Katie Bonn: First of all, there is the segregation. 'Israel is for us and you people live in the West Bank and the Gaza Strip.' Even in the 48 territories, there is an Israeli town and a Palestinian town or a Palestinian neighborhood. For example, in Jerusalem, where it has been annexed, we saw the Palestinian neighborhood s and then we would go to the Israeli neighborhoods afterward to see the difference and it was obvious. Then we found out that only about 10% of the budget is spent on Palestinians, but they pay the same as Israelis in taxes. Even Palestinians who have Israeli citizenship are not equal citizens. You don't need to have a law written to have discrimination. If you go to court, you don't get the same treatment. They have it right on their ID: 'Jew' or 'Arab.' Anywhere you go, whatever you do, it matters if you are Jewish or Palestinian.

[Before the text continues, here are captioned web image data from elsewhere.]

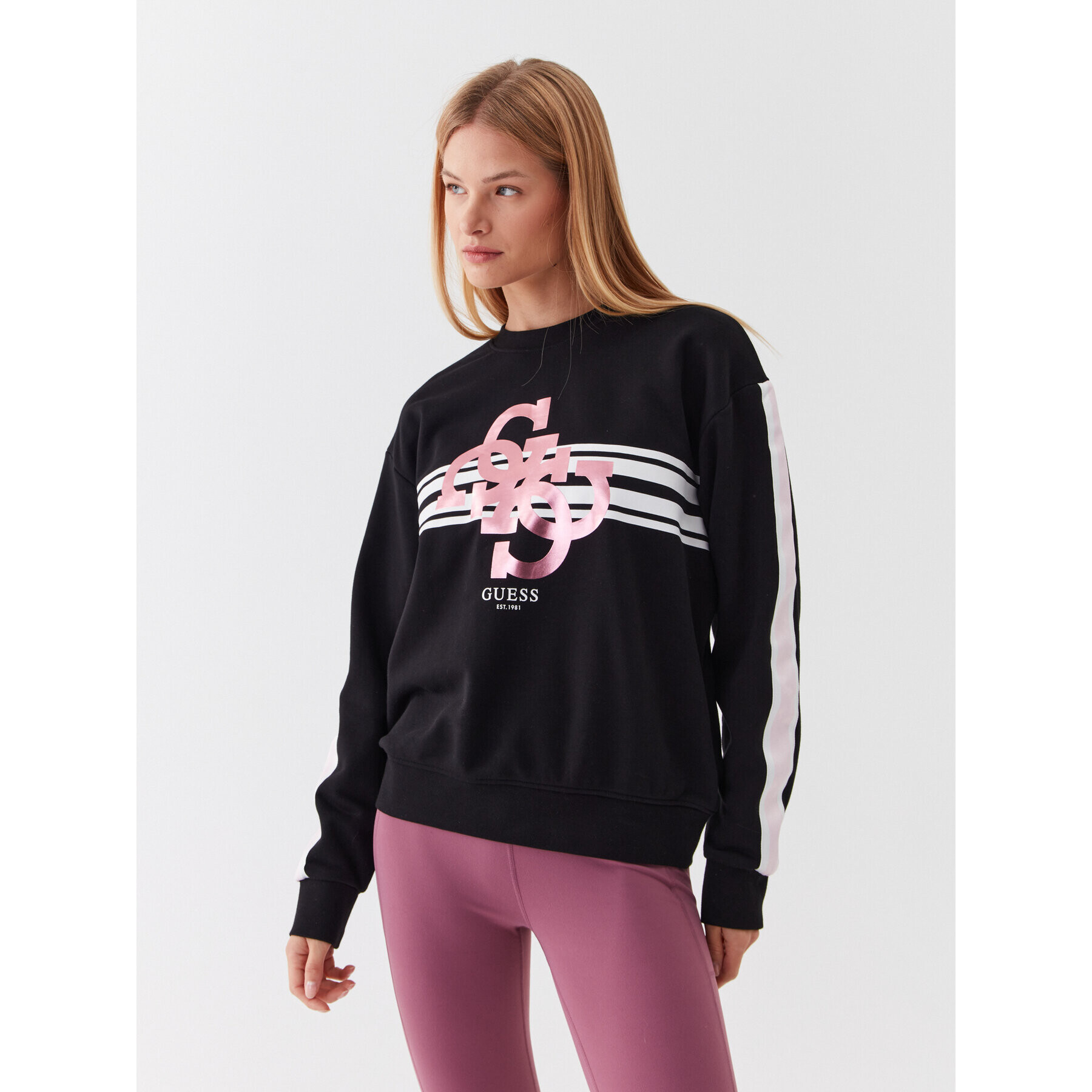 Guess Суитшърт V3YQ17 KBV71 Черен Regular Fit - Pepit.bg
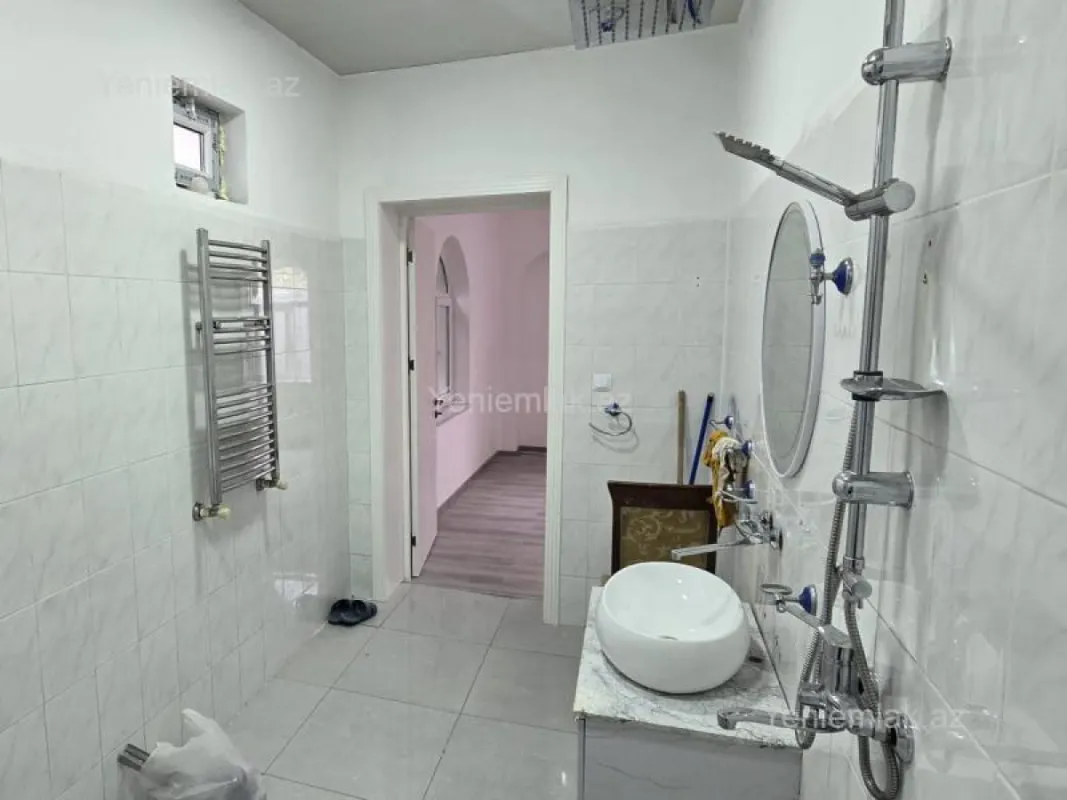 Satılır 3 otaqlı həyət evi 150 m²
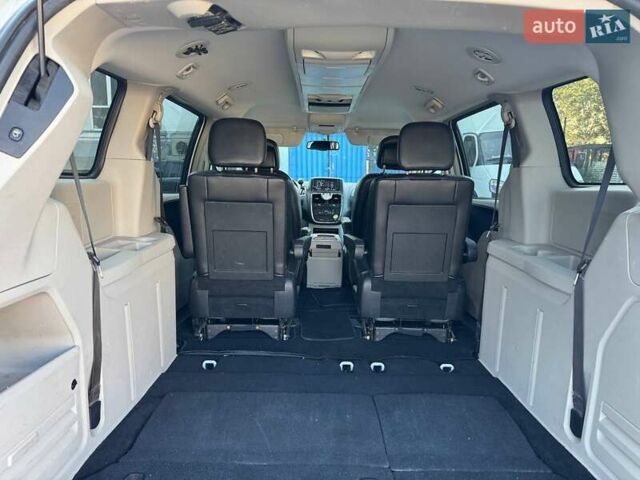 Білий Крайслер Town & Country, об'ємом двигуна 3.6 л та пробігом 340 тис. км за 10900 $, фото 11 на Automoto.ua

FB: You were able to meet with a women's group in Palestine. How does the current situation affect the women of Palestine and what is their response?

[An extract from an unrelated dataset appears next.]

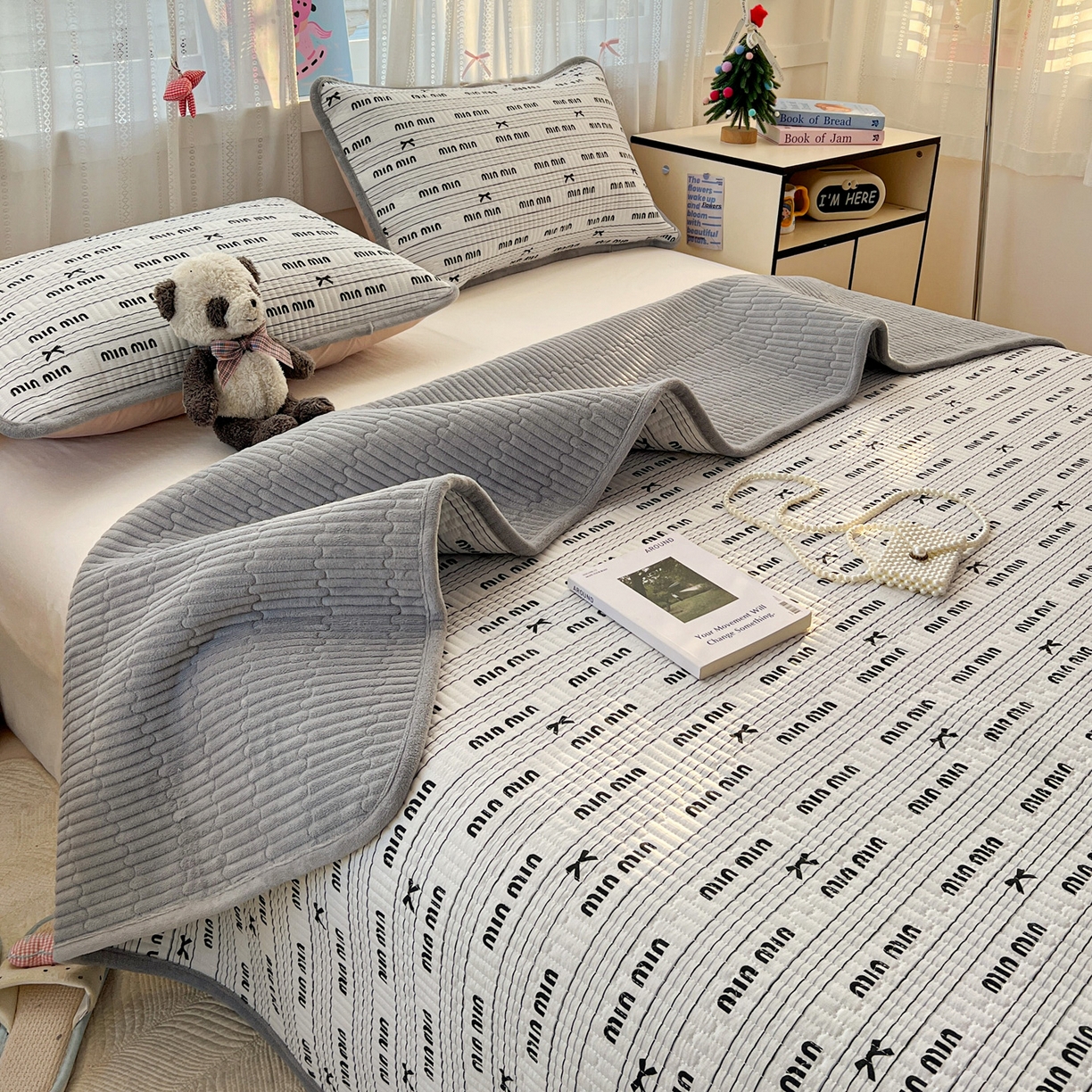 91家纺网 家纺一手货源 找家纺 恒尚居 2025新款双层纱牛奶绒床盖双面两用夹棉床单床垫-秋冬款 四季通用 miu miu【A双层纱-B牛奶绒】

Meredith Aby: We met with two women's groups when we were there. We were told about how hard it was for women economically. A significant number of Palestinian men have been held for questioning or have been held under administrative detention, where they can be held for 3 months without getting a lawyer, without legal rights.


A woman can immediately be put in a situation of being the sole breadwinner for her family, in a situation where 60% of the Palestinian population is below the poverty level. The groups were trying to give women job training so that they could provide for their family, but there are not enough job opportunities for people in Palestine. Before the Intifada, 50% of all Palestinians worked in the 48 territories, but the borders have been shut for 2 years, so that has economically everyone affected. This has put a lot of stress on the women there. They also talked about the new opportunities for leadership. They talked about the resistance that was developing, in terms of the roles for women. In both Intifadas, women have played strong roles in leadership. Many women are seeing this as an opportunity to step forward, as an opportunity to fight.

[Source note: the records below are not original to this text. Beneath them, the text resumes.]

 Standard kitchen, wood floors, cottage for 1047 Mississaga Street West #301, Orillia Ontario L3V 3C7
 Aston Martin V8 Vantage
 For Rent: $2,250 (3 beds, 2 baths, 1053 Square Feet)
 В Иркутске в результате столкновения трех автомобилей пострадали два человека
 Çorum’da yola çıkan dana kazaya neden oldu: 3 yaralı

FB: You went to a prison to visit Ahmed Saadat, one of the main leaders of the Palestinian resistance and the head of the Popular Front for the Liberation of Palestine. What happened?


Katie Bonn: He was being guarded by Americans, British and Palestinian security personnel. The American and British security interrogated us, trying to be intimidating and playing good cop, bad cop. When they left us, they were right outside the door listening to us. We were in an open shed with windows but no door. It was really, really hot and we sat there for over 3 hours in chairs and waited and every so often these big guards would come and bug us.


The Palestinian officers were friendly, but the goal of the American and British security was to find out who we were and to intimidate us. While we were there, somebody got in to see him and we found out that Saadat knew we were there and wanted us to come in, but it wasn't up to him. We were told that in order for us to see Saadat we had to wait for the Americans, the British and the Palestinian Authority to agree to our visit. We were told that Arafat's office wouldn't allow us to enter and so we were turned away.


FB: Is there anything else that you'd like to add?


Meredith Aby: In the United States, people view the Palestinians either as terrorists or victims, but they are neither. They are not victims - receiving something painful and just accepting it. The Palestinian people are determined. They have a just fight and they have a right to their land.